## ASSIGNMENT
Restate, word for word and with no pictures, the stretch of lines in the data below that begins at the line with "Brigette Bardot Animal Sanctuary" and ends at the line with "The Biological Blueprint: Understanding", inclusive.

## LISTED RECORDS
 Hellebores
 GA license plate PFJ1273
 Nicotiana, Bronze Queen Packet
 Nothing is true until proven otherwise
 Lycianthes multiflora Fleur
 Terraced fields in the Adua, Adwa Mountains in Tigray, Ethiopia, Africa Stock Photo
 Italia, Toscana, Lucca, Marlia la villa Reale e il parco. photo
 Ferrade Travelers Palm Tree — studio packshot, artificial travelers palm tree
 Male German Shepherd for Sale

...

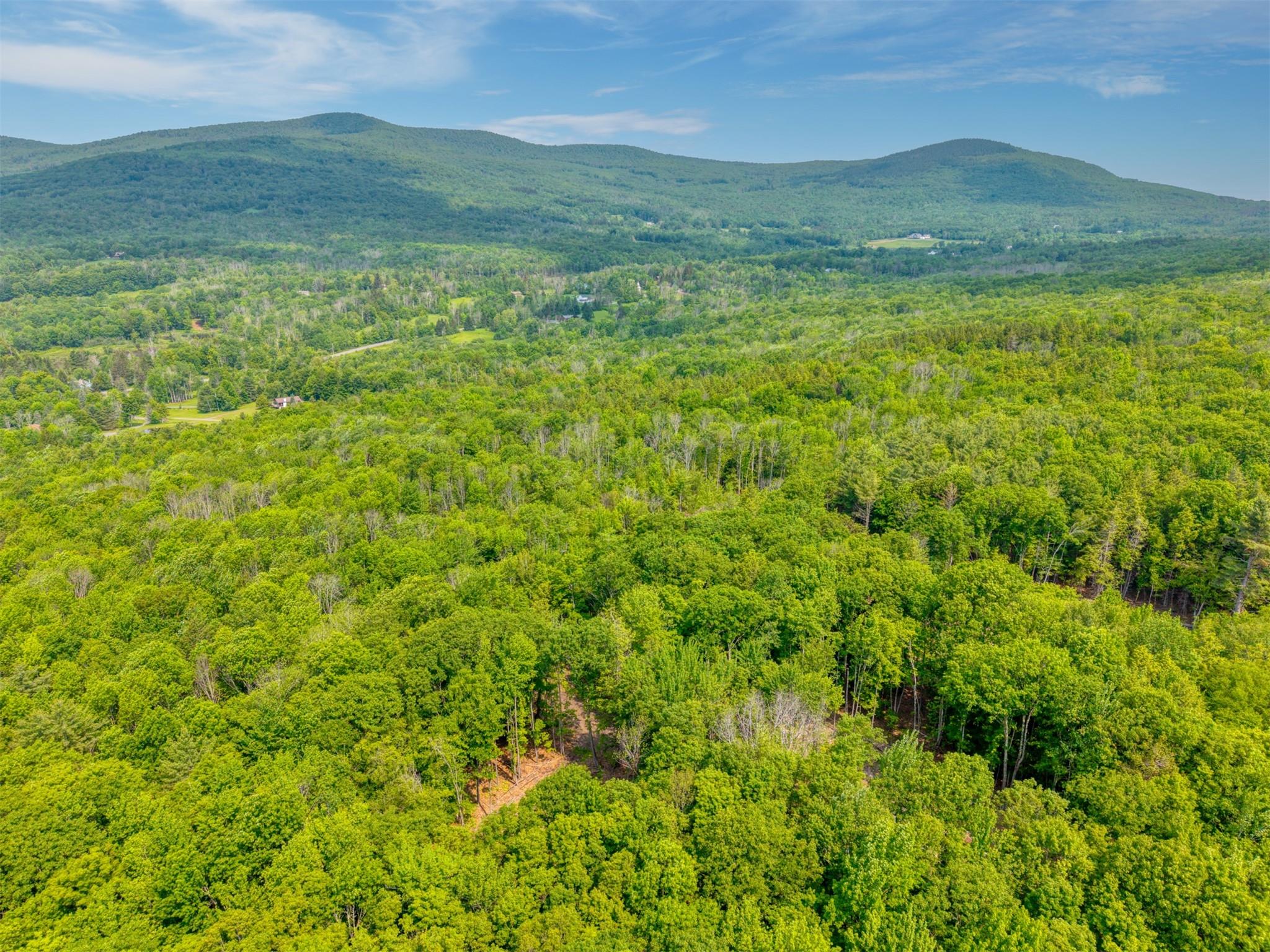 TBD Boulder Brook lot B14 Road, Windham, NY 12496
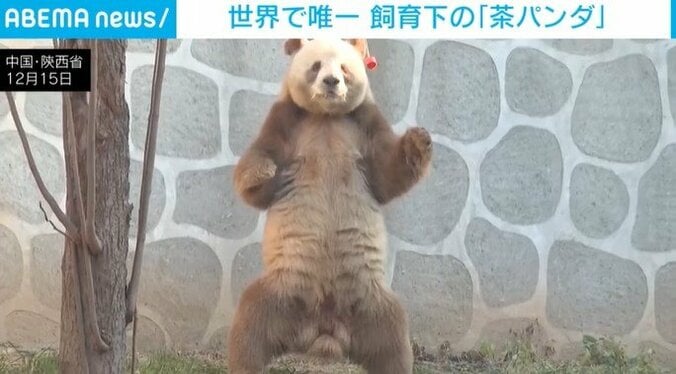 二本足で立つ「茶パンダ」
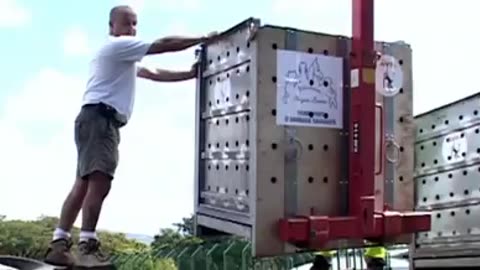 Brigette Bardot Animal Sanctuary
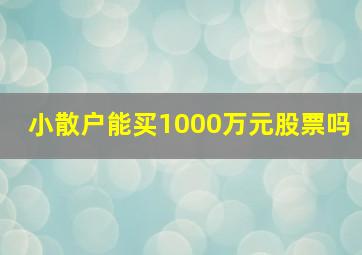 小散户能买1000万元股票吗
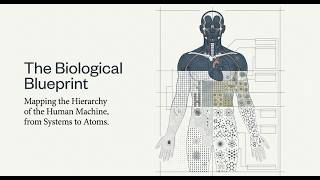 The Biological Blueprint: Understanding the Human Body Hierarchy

* * *

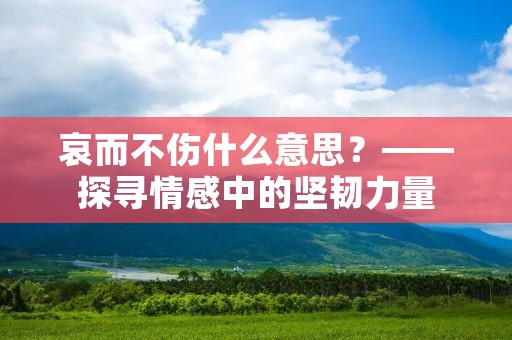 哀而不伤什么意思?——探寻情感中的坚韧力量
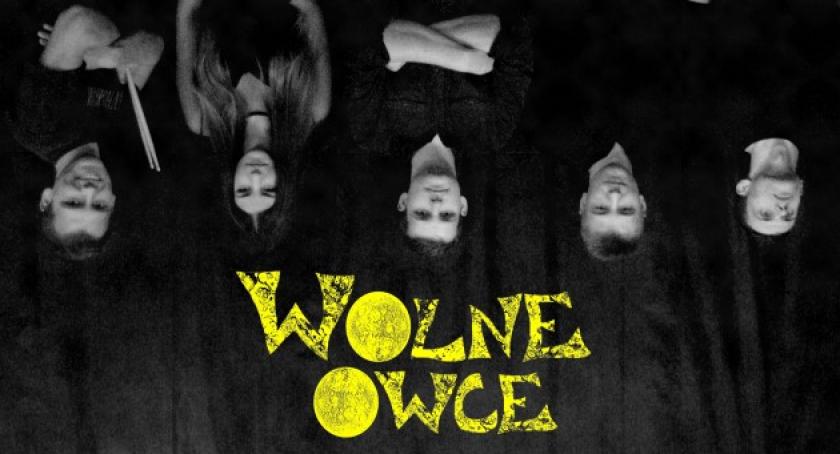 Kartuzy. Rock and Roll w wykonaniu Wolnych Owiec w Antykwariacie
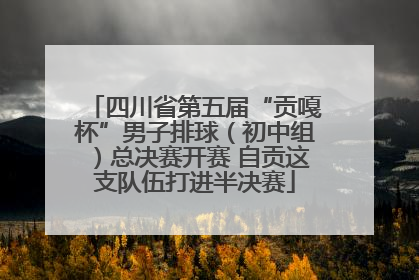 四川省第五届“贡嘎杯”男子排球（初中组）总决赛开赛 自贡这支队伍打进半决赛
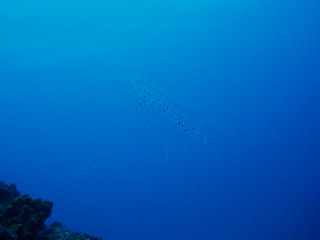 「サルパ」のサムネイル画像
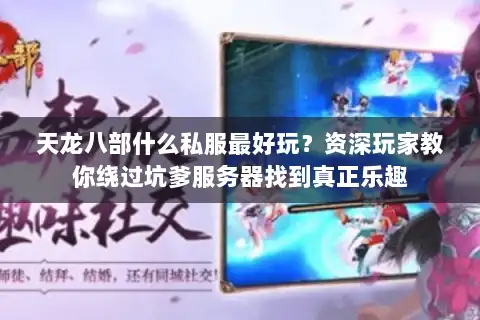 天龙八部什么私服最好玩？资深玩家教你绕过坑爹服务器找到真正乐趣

## WRITTEN SOLUTION
 Brigette Bardot Animal Sanctuary
 小散户能买1000万元股票吗
 The Biological Blueprint: Understanding the Human Body Hierarchy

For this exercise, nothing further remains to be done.